The Eurozone is on the brink of another economic dip and France may have fallen into recession, influential survey data showed yesterday.
Markit’s purchasing managers’ index (PMI) fell to 52.3 for the Eurozone in September – a new low for 2014.
A score of above 50 signifies growth, however, the index has been falling since a promising rise at the turn of the year. The downbeat survey numbers come after the Eurozone economy registered zero growth from April to June.
French stagnation is a major drag on the Eurozone’s recovery. The French economy failed to grow in the first half of the year, revised figures released yesterday confirmed.
The country’s PMI fell further to 49.1, from 49.5 in August, indicating it was sliding into recession.

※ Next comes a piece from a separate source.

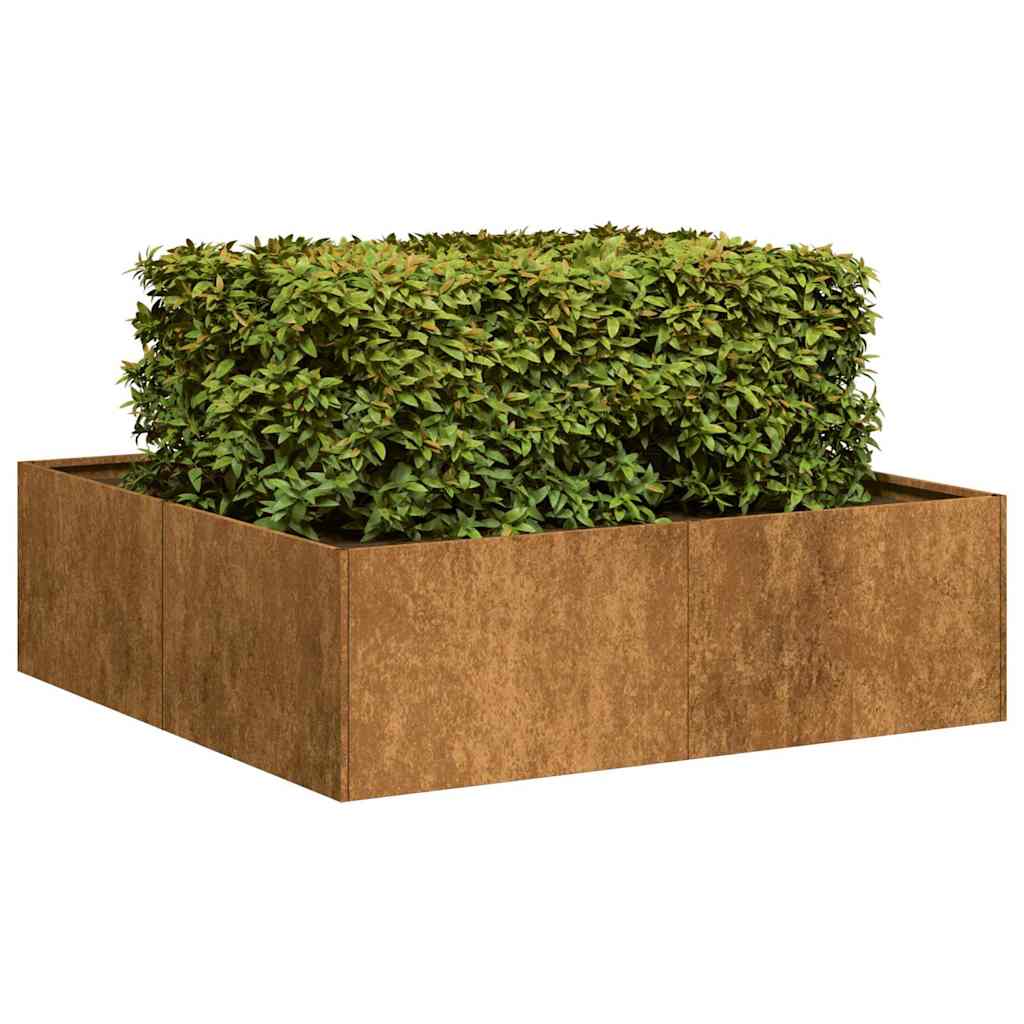 Plantenbak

At the same time, Germany’s survey data edged up to 54.0 from 53.7 – a small improvement which suggested it was just about maintaining some economic growth. The biggest economy in the Eurozone has slowed down from solid PMI readings of above 55 at the end of last year.
By contrast the UK is achieving very strong PMI numbers, and in excess of 60 in some areas, according to Lloyds bank’s surveys.
“Anaemic demand continues to hold back the private sector, with further price cutting insufficient to prevent new orders from falling,” said Jack Kennedy, an economist at Markit.
“Firms responded to the continued weakness by lowering employment at the sharpest rate since February.”
With weak demand affecting both growth and prices the onus is now on the European Central Bank’s programme of asset purchases, of which full details will be released next Thursday.
Meanwhile, the second round of cheap loans will begin in December.